Records from a data source
------------------------------------------------

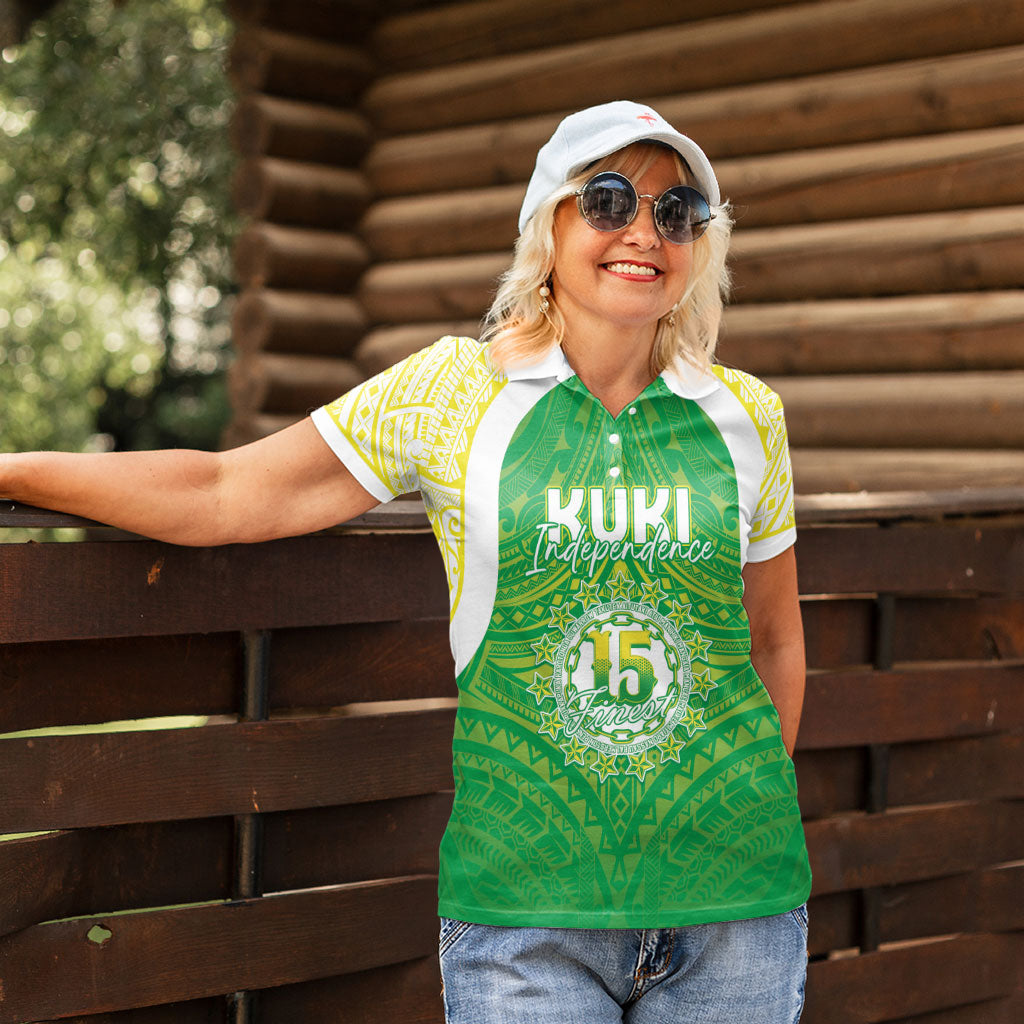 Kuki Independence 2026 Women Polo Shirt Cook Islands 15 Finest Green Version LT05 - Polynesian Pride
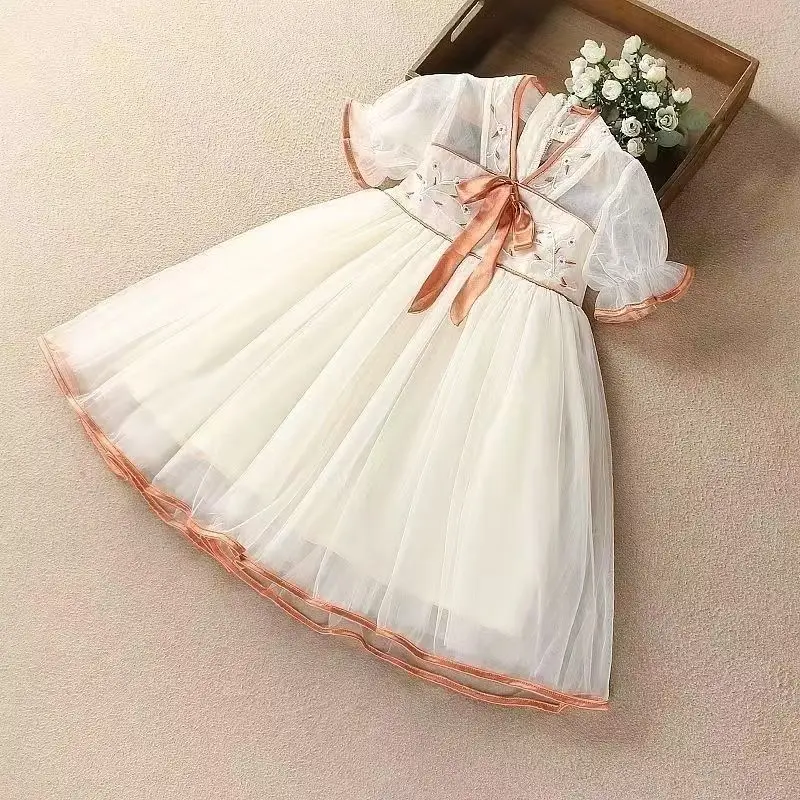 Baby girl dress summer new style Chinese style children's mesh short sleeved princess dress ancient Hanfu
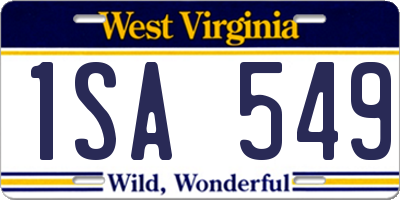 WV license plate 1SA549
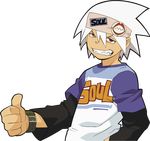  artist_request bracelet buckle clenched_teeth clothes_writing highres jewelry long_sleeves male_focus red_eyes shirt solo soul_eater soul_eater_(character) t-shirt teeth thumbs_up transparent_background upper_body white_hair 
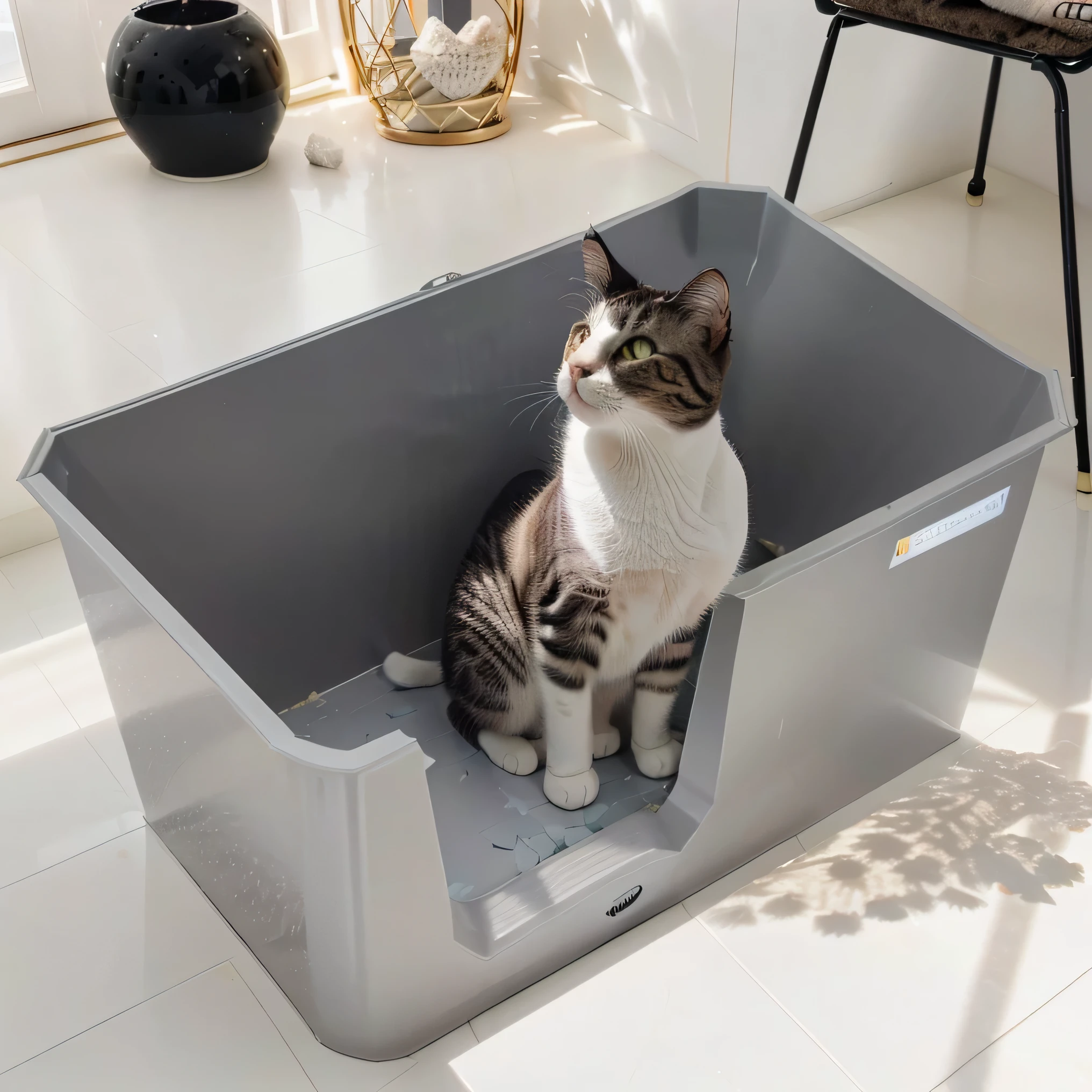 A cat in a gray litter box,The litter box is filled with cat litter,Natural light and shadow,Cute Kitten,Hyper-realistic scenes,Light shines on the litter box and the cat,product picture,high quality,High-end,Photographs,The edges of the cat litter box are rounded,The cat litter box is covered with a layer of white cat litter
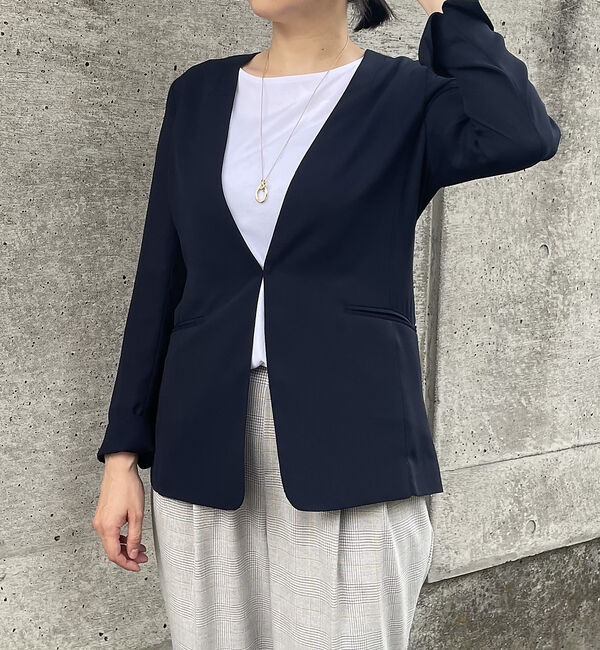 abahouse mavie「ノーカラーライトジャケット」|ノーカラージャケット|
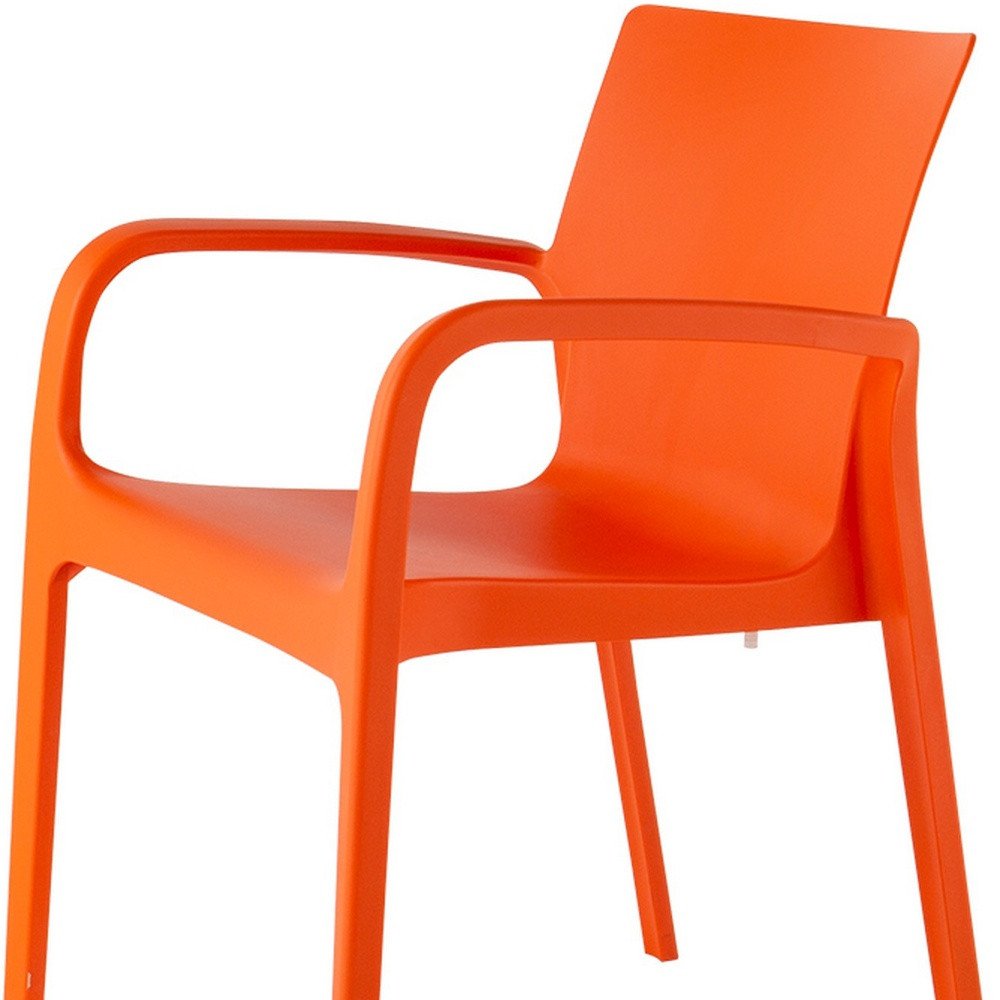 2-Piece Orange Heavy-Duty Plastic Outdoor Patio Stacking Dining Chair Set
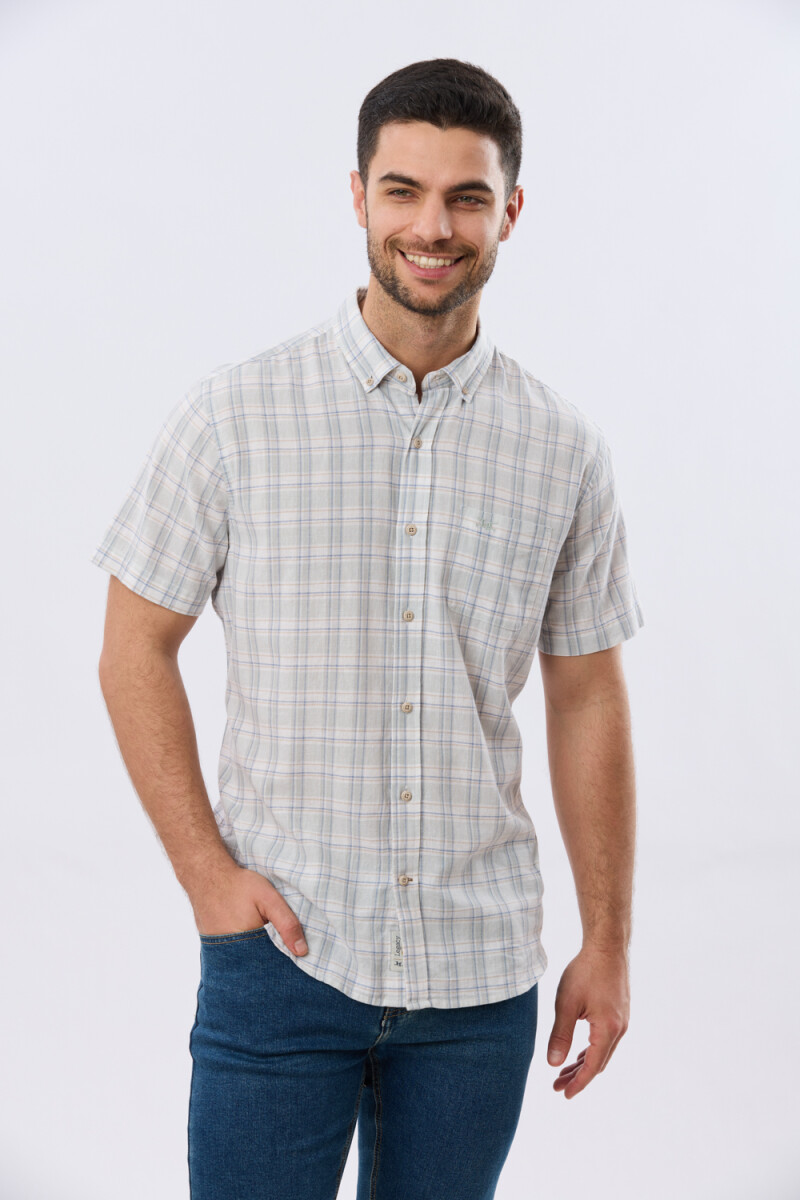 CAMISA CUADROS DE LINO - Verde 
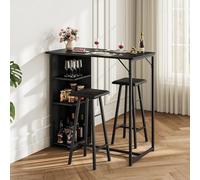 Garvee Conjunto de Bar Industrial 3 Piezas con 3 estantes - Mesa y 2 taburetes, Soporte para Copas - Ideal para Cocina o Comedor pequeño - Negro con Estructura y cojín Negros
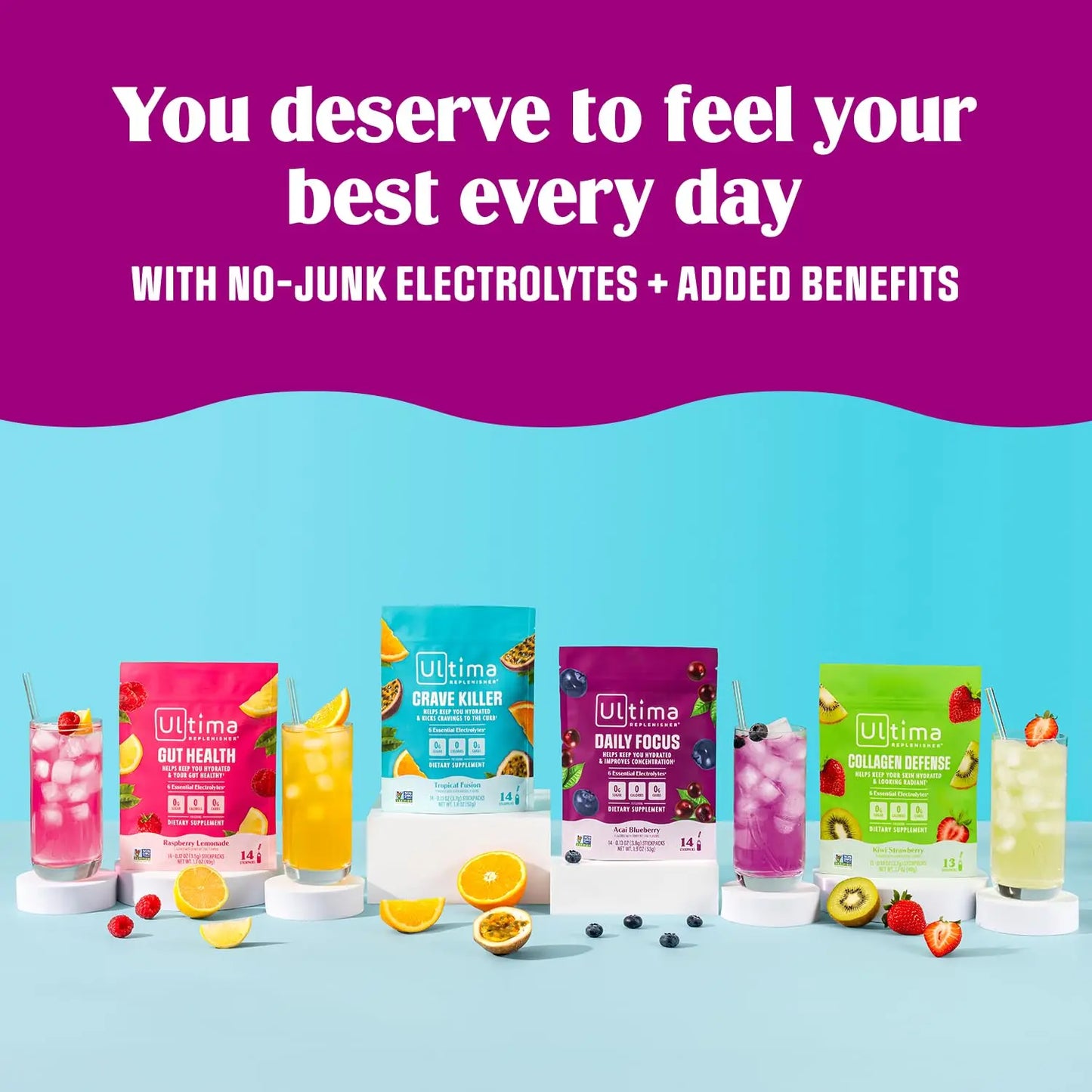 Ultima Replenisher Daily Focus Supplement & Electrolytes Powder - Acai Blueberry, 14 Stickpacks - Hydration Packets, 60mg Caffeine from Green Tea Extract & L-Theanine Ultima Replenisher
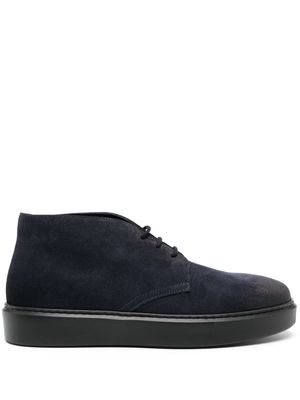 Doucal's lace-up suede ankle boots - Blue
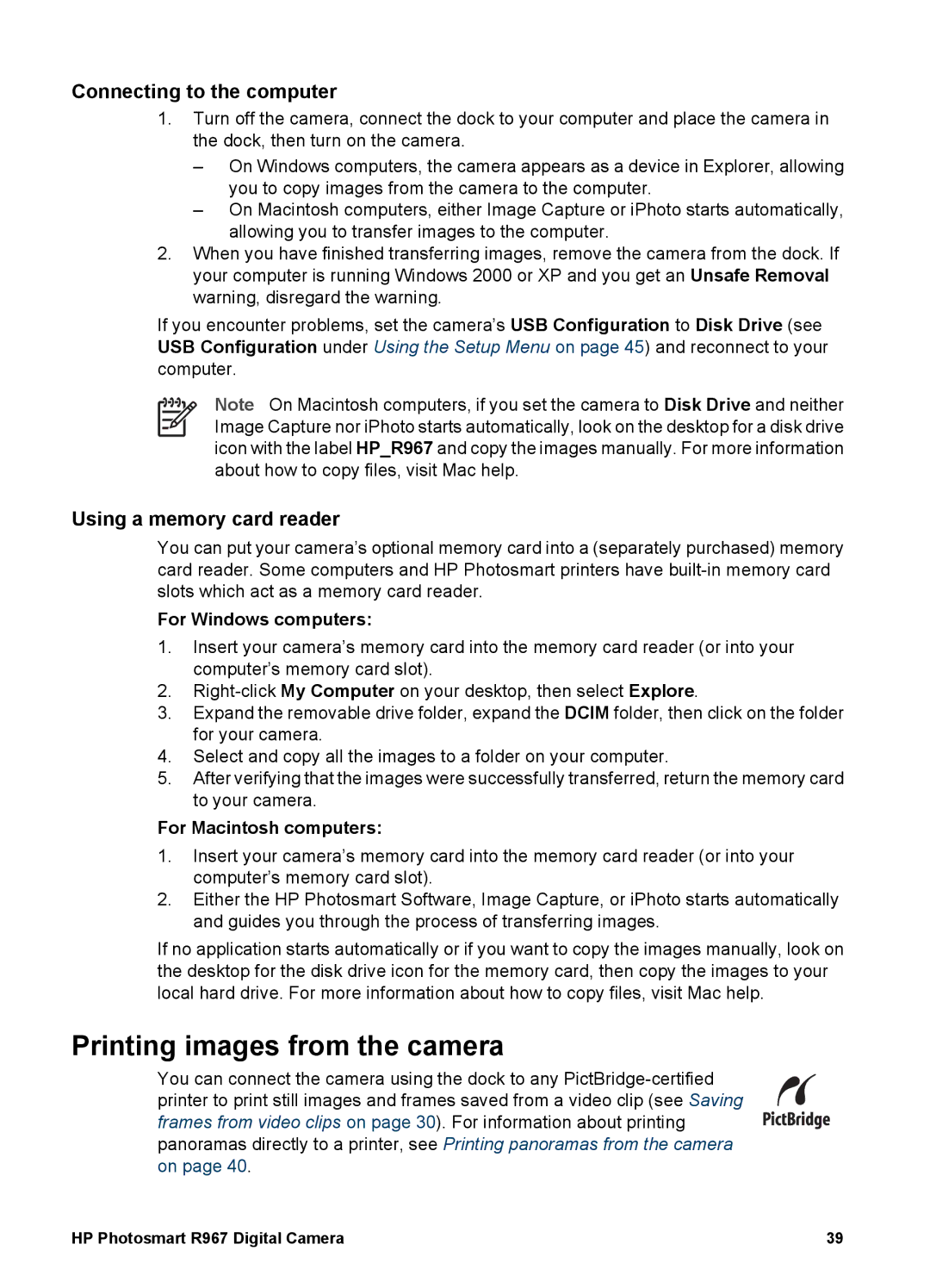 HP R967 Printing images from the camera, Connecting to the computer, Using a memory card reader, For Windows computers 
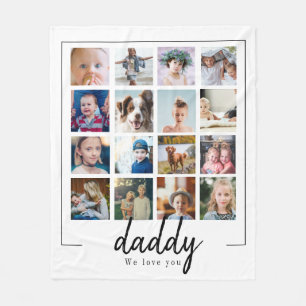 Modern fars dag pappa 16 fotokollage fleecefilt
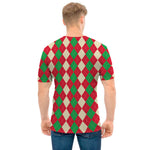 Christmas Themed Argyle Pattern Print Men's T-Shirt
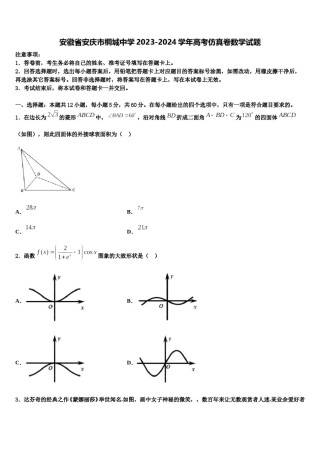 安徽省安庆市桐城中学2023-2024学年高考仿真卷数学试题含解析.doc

------------------------------------------------

TASK GOAL
The pictures stay out; repeat exactly the lines from the one with "abahouse mavie" to the end of the entries above, and nothing else.

SOLVED EXERCISE
 abahouse mavie「ノーカラーライトジャケット」|ノーカラージャケット|
 2-Piece Orange Heavy-Duty Plastic Outdoor Patio Stacking Dining Chair Set
 CAMISA CUADROS DE LINO - Verde 
 Garvee Conjunto de Bar Industrial 3 Piezas con 3 estantes - Mesa y 2 taburetes, Soporte para Copas - Ideal para Cocina o Comedor pequeño - Negro con Estructura y cojín Negros
 Ultima Replenisher Daily Focus Supplement & Electrolytes Powder - Acai Blueberry, 14 Stickpacks - Hydration Packets, 60mg Caffeine from Green Tea Extract & L-Theanine Ultima Replenisher
 Doucal's lace-up suede ankle boots - Blue
 HP R967 Printing images from the camera, Connecting to the computer, Using a memory card reader, For Windows computers 
 Modern fars dag pappa 16 fotokollage fleecefilt
 Christmas Themed Argyle Pattern Print Men's T-Shirt
 安徽省安庆市桐城中学2023-2024学年高考仿真卷数学试题含解析.doc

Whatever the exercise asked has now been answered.